I've just discovered this model whilst surfing, Macho, and brutally handsome looking watch with the stainless bracelet option.Anybody got one ?.Maybe just TOO big,heavy and crazy looking outside a scuba dive [unless you are [built like] a nightclub doorman perhaps]. How do you find it ?.Any wear/wrist shots to get an idea ?.


----------



## compas (Oct 13, 2006)

I have one, i put some pics some weeks ago but it seems they are lost with the changue of server.










It is a big and heavy watch, but i think it is quite "usable", it looks quite good on the wrist



















I am quite happy with him.


----------



## Guest (Aug 15, 2009)

Thanks !

And''Tah'' for the pictures,I like the last one showing of the Lume.Seems very readable as well this one.


----------



## suggsy (Aug 25, 2008)

Wow, i love that 1967 Vostok, i MUST have one, where can i buy one? (1967 was a good year, i was born lol)


----------



## Guest (Aug 26, 2009)

suggsy said:


> Wow, i love that 1967 Vostok, i MUST have one, where can i buy one? (1967 was a good year, i was born lol)

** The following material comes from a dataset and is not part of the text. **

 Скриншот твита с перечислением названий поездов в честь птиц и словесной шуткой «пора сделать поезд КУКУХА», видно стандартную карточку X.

I know,It's WICKED looking is'nt it.There is smirs.com on the net who list these [You do speak Russian,Right ?].Alternatively,I had thought of trying one of the UK Vostok stockists [Although i have'nt seen these listed]to ask if they could get one in for me.Rugift.com in Florida have these listed,but i'd rather not buy one in such a roundabout way,saving a few quid as well over it would cost from them.

Any ideas anyone ?.


----------



## spankone (Sep 17, 2008)

i'm suprised it actually looks alright considering its a vostok


----------



## Guest (Aug 26, 2009)

spankone said:


> i'm suprised it actually looks alright considering its a vostok


Hey,Spankone !.

I know the run of the mill Vostok military and automatics etc can look a bit tacky maybe.What with the chrome plated cases and slightly wacky dial emblems [For civilian use anyway].But did you ever check out Vostok's Europe series watches ?.Large range if you can the full one,And with some models in the ''Submarine'' and ''Arktika'' ranges,damn nice i'd say.

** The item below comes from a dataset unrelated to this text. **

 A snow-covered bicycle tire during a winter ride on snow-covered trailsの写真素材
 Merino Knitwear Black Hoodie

As far as buying one of the 1967 Amphibias goes.I've just checked out the exchange rate,and you'll pay about as much for one of these from Russia [smirs] as buying from Rugift [states].And come to think of it,you may well find that to the UK, they are shipped from Russia anyway.


----------



## suggsy (Aug 25, 2008)

littlealex said:


> spankone said:
> 
> 
> > i'm suprised it actually looks alright considering its a vostok
> ...


Cool, i'll check them out


----------



## Guest (Aug 27, 2009)

suggsy said:


> littlealex said:
> 
> 
> > spankone said:
> ...


Look over redarmywatches.com suggsy.


----------



## suggsy (Aug 25, 2008)

littlealex said:


> suggsy said:
> 
> 
> > littlealex said:
> ...


Will do, thanks for the tip


----------